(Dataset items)

++++

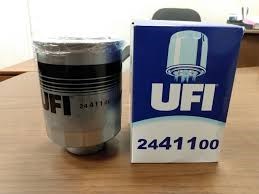 2441100 UFI Топливный фильтр купить в Одесса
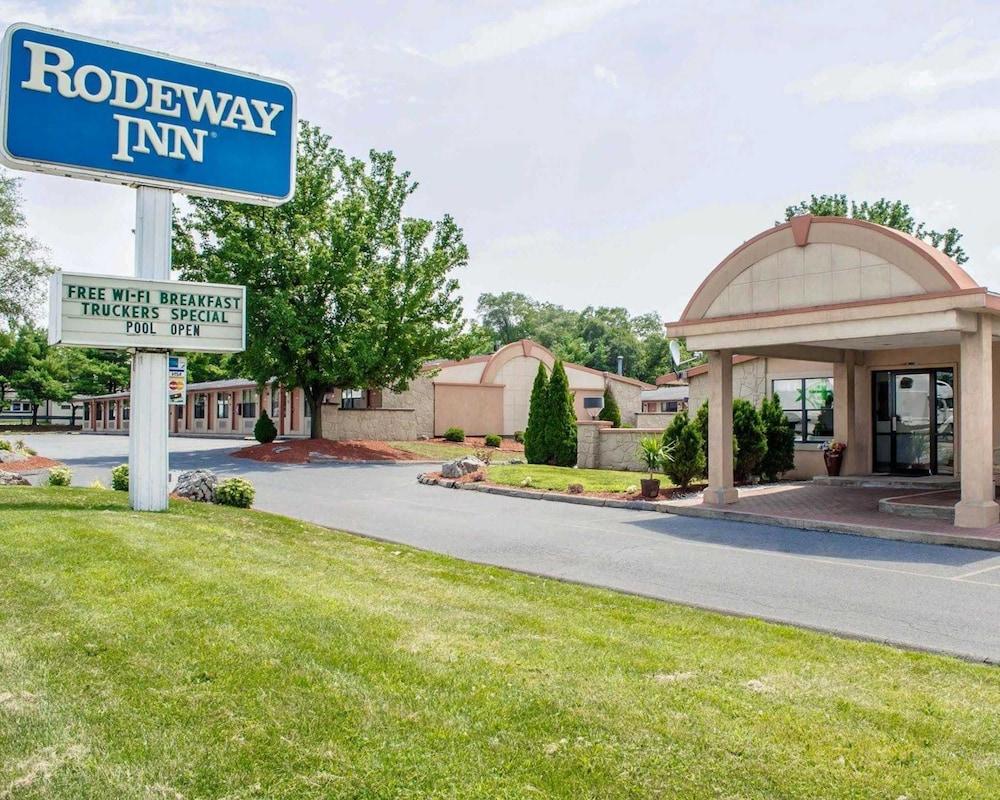 Rodeway Inn Carlisle North photo 48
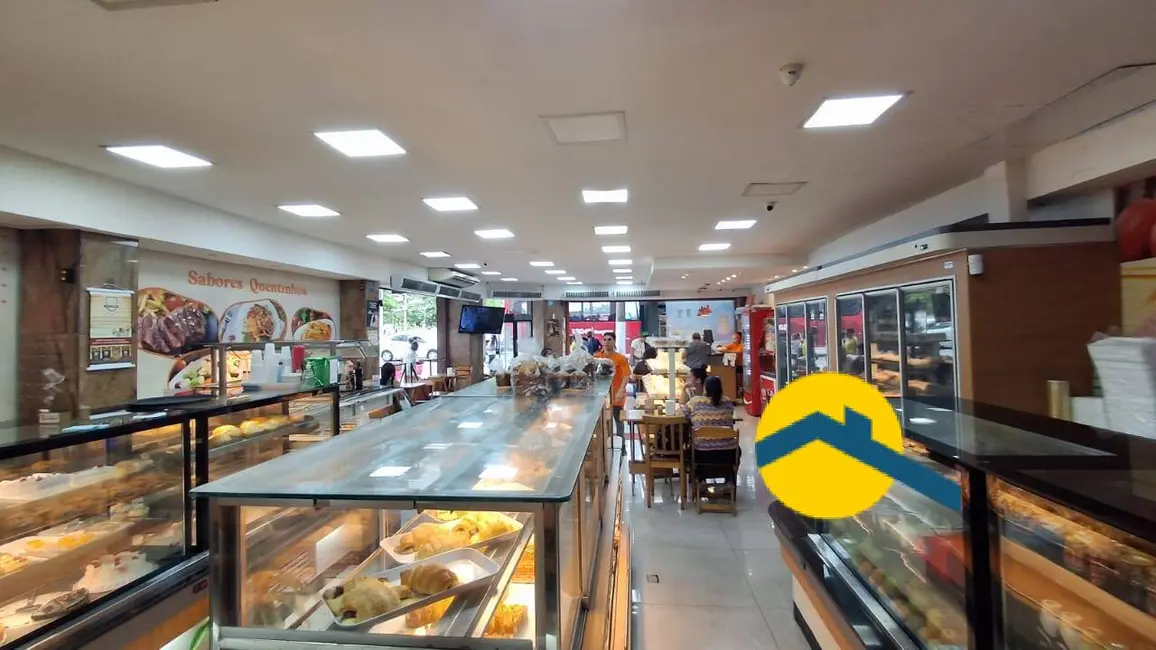 Foto 1 de Sala Comercial à venda, 100m2 em Centro, Niteroi - RJ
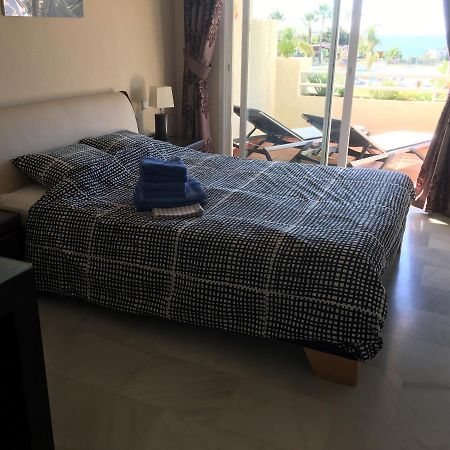 Balcones Del Chaparral In Mijas, Costa Del Sol Apartment Exterior photo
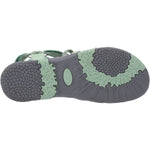 Cotswold Sunhill Sandal - Shuzes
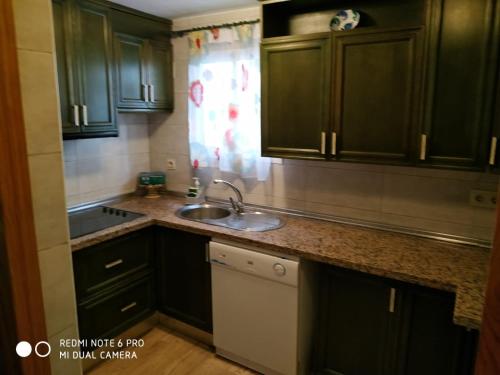 Rural house in Niguelas 10 from the Alpujarra Granadina and ...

++++

Exactly the lines from the one holding "Balcones Del Chaparral" through the last line of the entries, both included, are to be duplicated; leave the pictures out.

 Balcones Del Chaparral In Mijas, Costa Del Sol Apartment Exterior photo
 Cotswold Sunhill Sandal - Shuzes
 Rural house in Niguelas 10 from the Alpujarra Granadina and ...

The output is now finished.